Esta pérdida de Dios es una pena tan atroz, que no se puede explicar; lleva con sigo todas las penas. En ese estado, a pesar de estar sufriendo tantas formas de padecimientos, nada suponen; todo se siente al vivo, pero ese conocimiento de tener que estar por toda la eternidad sin Dios supera todos los sufrimientos, todos los tormentos; y parece que todo cuanto se puede ponderar del infierno se reduce y se encierra en esta pena de la pérdida del Sumo Bien.
¡Oh Dios!
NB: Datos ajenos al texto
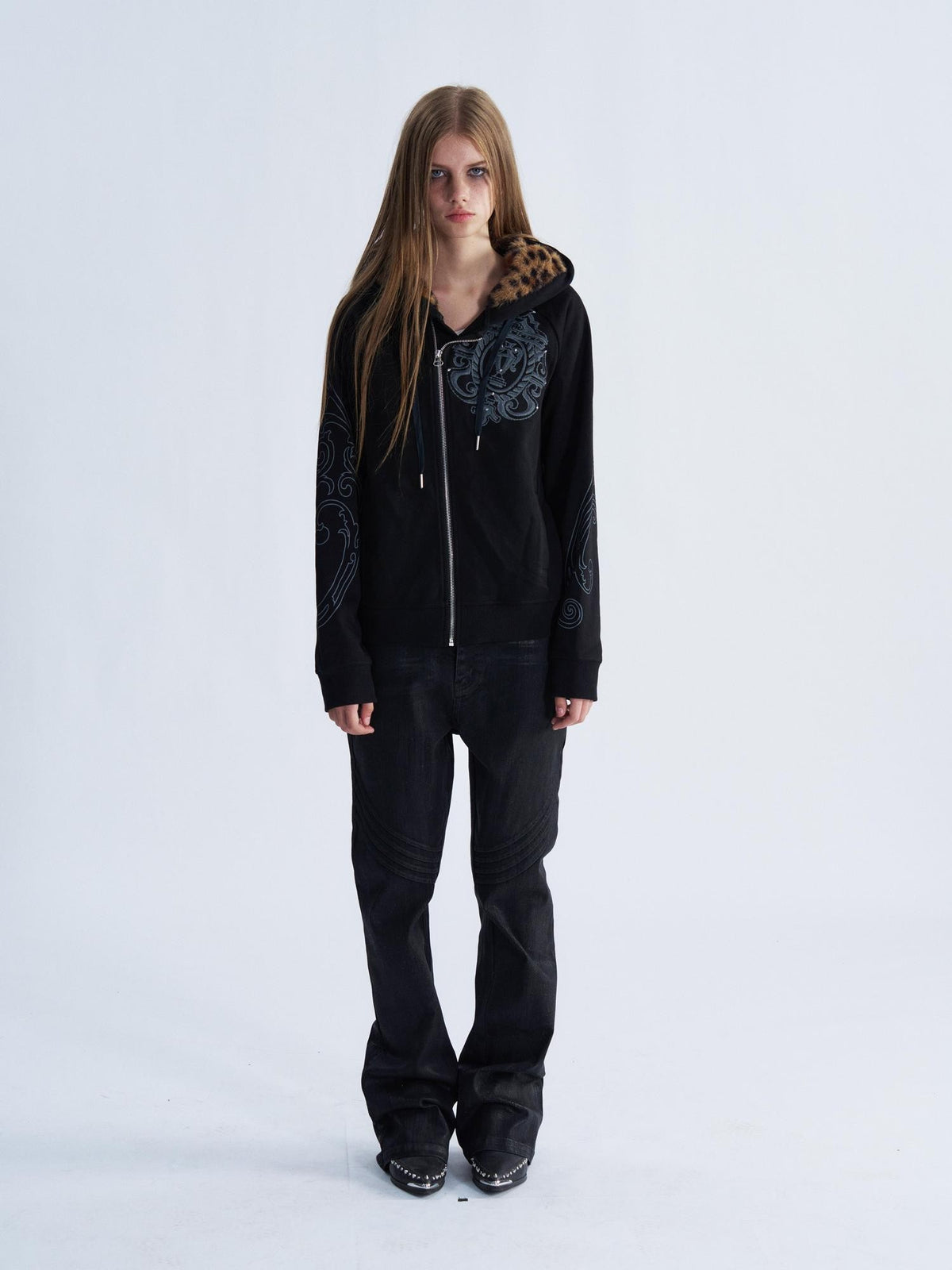 PAIKI Leopard Print Rhinestone Graphic Women's Cotton Zip-up Hoodies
Yo no puedo explicarme bien sobre este punto, pero querría que todos lo entendieran de verdad, sobre todo los pecadores, para que cambiaran de vida y no se expusieran a perder a Dios por toda la eternidad. ¡Oh Jesús mío! Haced Vos que esto sea comprendido, porque yo con la pluma no puedo decir palabra. ¡Oh, aquí sí que se tiembla y se está con temor! Y, después de todo, son temblores y temores que de nada sirven si no es para hacemos entender lo que es un alma sin Dios. Ella sola parece ser el mismo infierno.
¡Oh! Pensad lo que son las penas atrocísimas de ese infierno. No se pueden comprender, no se pueden describir. Por decirlo con una sola palabra: para comprender su atrocidad basta decir que aquellas pobres almas están privadas de Dios. Con sólo decir esto se puede tener idea de lo que es esa pena que encierra en sí todas las penas infernales. ¡Oh Dios, qué angustia, qué tormentos tan atroces experimento yo en ese trance! No me extiendo más, porque sólo el ir escribiéndolo de esta forma me hace temblar de tal modo que no puedo tener la pluma en la mano. ¡Dios sea alabado! Todo es poco por su amor.»